Plasma clotting times, measured with the APTT, PT and TT assays, showed that all DEAE12-CH-PEG-FA2/siRNA nanoparticle concentrations were within the normal clinical limits established for the test (Figure 4D). For TPC, the clotting times were as follows: 13.1 ± 0.2s for PT, 33.1 ± 1.3s for APTT and 15.6 ± 0.4s for TT; while for DPBS they were: 12.6 ± 0.2s for PT, 32.7 ± 1.3s for APTT and 15.8 ± 0.4s for TT, with no statistically significant difference. Free DEAE12-CH-PEG-FA2 showed similar responses (Figure S4D).
A Western blot analysis of the native C3α chain cleavage (~115 kDa) to split product C3c (~43 kDa), evaluated the activation of any of the three major pathways of the complement system (classical, alternative and lectin). Figure 4E shows that all nanocomplexes meet the guideline criteria, as none of the DEAE12-CH-PEG-FA2/siRNA nanoparticle concentrations led to complement system activation, as indicated by the absence of C3c cleaved products, contrary to the positive control (CVF). Free DEAE12-CH-PEG-FA2 showed the same effect as nanocomplexes (Figure S4E). Transferrin (~77 kDa) was used as a serum loading control, showing equal protein content between samples.

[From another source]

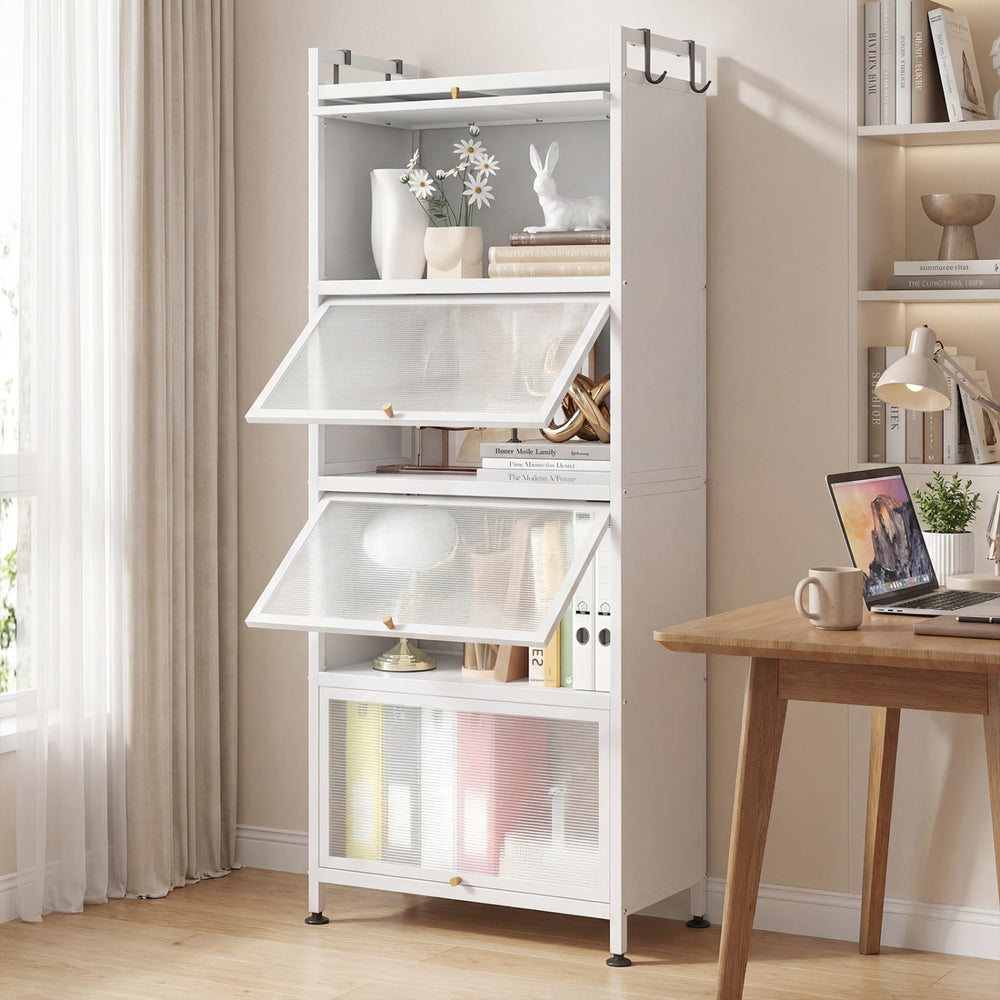 5-tier kitchen baker's rack in white with flip-up PC doors, offering ample storage and easy mobility with casters.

Nanoparticle Potential to Induce Cytokines
A key test to estimate one of the possible immune responses to cell-particle interactions is to quantify the production of pro- and anti-inflammatory cytokines. In PBMC, no statistically significant differences in TNF-α (Figure 5A) and IL-6 (Figure 5B) secretion were observed, in any of the DEAE12-CH-PEG-FA2/siRNA nanoparticles or free DEAE12-CH-PEG-FA2 concentrations tested when compared to DPBS. TNF-α expression levels at TPC were 287.8 ± 67.0 pg/mL vs 84.5 ± 44.5 pg/mL for DPBS, while for LPS they were 1117 ± 185.2 pg/mL. IL-6 levels reached 150.2 ± 44.1 pg/mL for TPC vs 55 ± 49.2 pg/mL for DPBS, and 927.8 ± 117.1 pg/mL for LPS. On the other hand, IL-8 and IL-1β (Figure 5C and D) were both secreted in response to DEAE12-CH-PEG-FA2/siRNA nanoparticles. The former reached 4082 ± 1313 pg/mL at TPC vs 418.3 ± 200.0 pg/mL for DPBS and 7539 ± 2079 pg/mL for LPS, while the latter reached 629.8 ± 111.0 pg/mL for TPC vs 100.6 ± 45.6 pg/mL for DPBS (p< 0.01) and 502.8 ± 148.3 pg/mL for LPS. Finally, IL-10 (Figure 5E) and IL-4 (Figure 5F) expression levels were not statistically significant compared to DPBS. Similar secretion profiles were observed when cells were incubated with free DEAE12-CH-PEG-FA2 (Figure S5A–F).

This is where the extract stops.